We see flowers blooming and something inside us awakens.
We notice bees moving between blossoms and feel a quiet joy.
We watch sunlight move across a field and feel peace.

Nothing was achieved.
Nothing was measured.
Nothing was produced.

But life was recognized.

These moments matter.

Because they remind us that the ability to recognize life never left us.
It was simply overshadowed by urgency, performance, and evaluation.

And this is where the cost becomes clear.

Because when we stop recognizing life, we begin building systems around evaluation and performance.

We reward what is measurable.
We prioritize what is visible.
We push for what is fast.

And slowly, quietly, these systems begin running people toward collapse.
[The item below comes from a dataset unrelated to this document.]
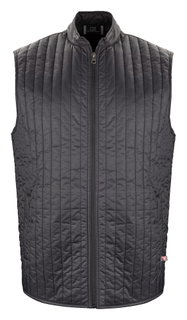 Cutter&Buck Weste Ozette Primaloft schwarz Herren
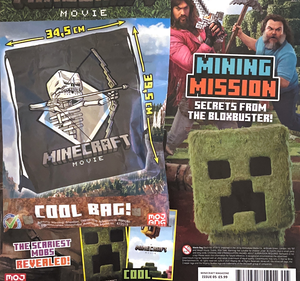 Middle of Magazine Front Cover Thumbnail.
Organizations that look successful but are burning out their leaders.
Programs that appear productive but leave people exhausted.
Communities that grow in numbers but shrink in depth.
Individuals achieving more while feeling less alive.

From the outside, everything looks like it is working.
But internally, life is draining.

This is what happens when evaluation replaces life.

Because life thrives in rhythm.
Life requires rest.
Life deepens slowly.
Life multiplies organically.

The garden shows us this clearly.

If we forced plants to produce constantly, they would weaken.
If we removed rest from the soil, fertility would decline.
If we interfered daily, growth would be disrupted.

Eventually, the system would collapse.

Not because life was not present, but because we stopped honoring how life works.

The same is true for people.

When evaluation and performance become primary, people disconnect from themselves.
They override exhaustion.
They push past intuition.
They ignore what is quietly draining them.

And slowly, quietly, they move toward collapse.

This is why attentive restraint matters so much.

Because attentive restraint restores margin.
Margin restores attentiveness.
Attentiveness restores the ability to recognize life.

And when we recognize life again, something shifts.

We stop pushing what is draining.
We begin nurturing what is alive.
We let go of what requires constant force.
We move with what sustains itself.

We stop trying to create life.

We begin recognizing it.

And slowly, quietly, life begins to lead.